4:13:22 - Return to parents house with roughly 4 minutes to spare before we were instruected to sit down and begin feasting.
4:15:57 - Feast. Food never tasted so good.

Saturday, November 17, 2007

Screw that mountain bike -- it's time to train!

Call me crazy. Call me sick. Call me whatever you want, but I really want to train right now. I don't care about the rain, I don't care about the cold, I don't even care about how few hours of daylight there are* -- the 2008 season is calling my name, and I am strangely compelled to follow that call. I am the homing pigeon. I am the humpback whale. I am the every animal that ever knew exactly where it was going without knowing why. Screw that mountain bike -- it's time to train!

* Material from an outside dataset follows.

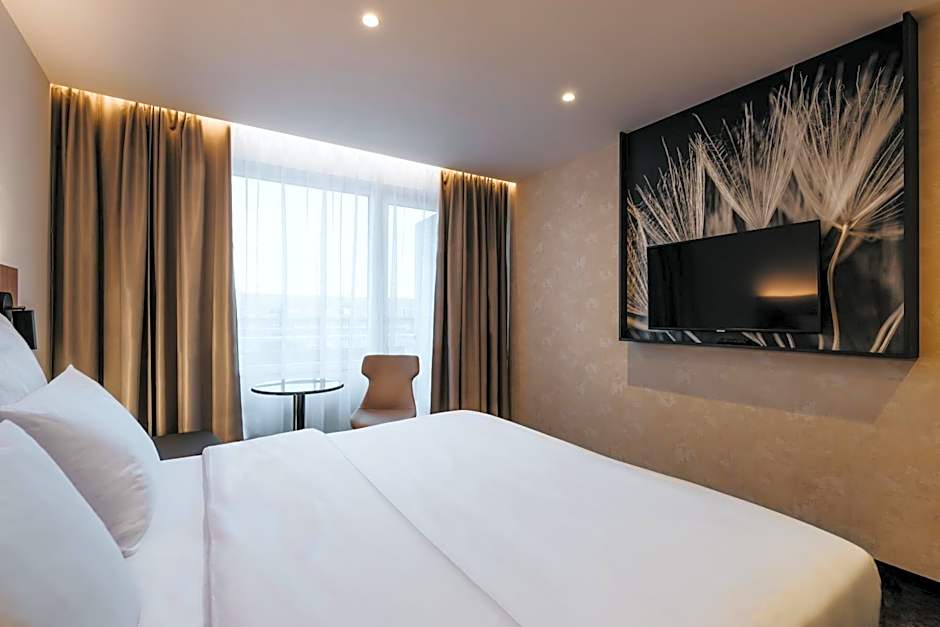 Orea Congress Hotel Brno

*just a side note, I just looked outside and it's friggin' snowing. For the first time this year. I still feel the same way.

Avoid the calamari

Oh, calamari
I mistrusted you at first
And mistrust you still...

Deep-fried rubber bands
Chunked mayonnaise dipping sauce
Token lemon wedge

I was so hungry
But my blast-furnace stomach
Vetoed those suckers

If only I'd puked
When I felt like puking, oh
If only I'd puked

Instead I waited
Green, shivering, fetal ball
Calamari's curse

Tuesday, November 6, 2007

For all you Rube-Goldberg fans...

I'm so glad someone did this. I think they're from The Netherlands. GO NETHERLANDS!!!

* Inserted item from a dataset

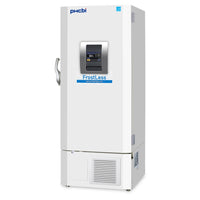 PHCbi - MDF-DU500ZHA-PA - FrostLess Natural Refrigerant -86°C Freezer 115V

The pre-testing jitters...

So I'm going out to Seattle this weekend to meet with my coach Todd Herriott, and I am dreading it. I'll be paying a visit to Todd's place of work called Herriott Sports Performance (HSP for short), where not surprisingly Todd is the head honcho. While I'm there I'll be getting a slew of physiological tests to better determine how to craft my training plan, and I'll have Todd adjust my aerodynamic position on my TT bike, but most importantly, I'm going there to have Todd give me the "straight talk". Todd is a ball-buster, no way around it. He's a good coach for me, because he doesn't dandy up what he says with a bunch of supportive, positive, everybody-can-be-a-winner fanciness. No, he'll be brutally honest. He's been around and seen it all long enough to know that a guy like me - a talented athlete, but not a complete and total mutant - needs to work REALLY REALLY hard in order to be successful, especially when I'm competing mostly against other talented athletes (and the occasional total mutant), almost all of whom also work REALLY REALLY hard. He's going to get me up on those machines, and poke my finger with a needle, and make me pedal until I want to puke, and then look at the data and say something like "Sam, you're a big unit. Your [insert physiological statistic] is good, and if you do what I tell you to do it will get better. If you don't get better, you'll never be able to bark with the big boys, so do what I tell you, ok."

"Do I have to stop drinking lots of beer and eating lots of ice cream," I'll ask.

"Only if you want to get faster," he'll say.

This is why I'm dreading it.

Friday, November 2, 2007

Lord help me.....

O my God! Source of all mercy! I acknowledge Your sovereign power. While recalling the wasted years that are past, I believe that You, Lord, can in an instant turn this loss to gain. Miserable as I am, yet I firmly believe that You can do all things. Please restore to me the time lost, giving me Your grace.

Lord, I need a mountain bike. I know, oh Great Forgiver, that it's been far too long since the my heart has pined for endless miles of singletrack, but the tide has turned, and again I wish for nothing more than wide knobby tires, and finely-tuned suspension. Give me this mountain bike, and shine through me and be so in me, that every soul I come in contact with may feel Your Presence as I blow past them both uphill and down.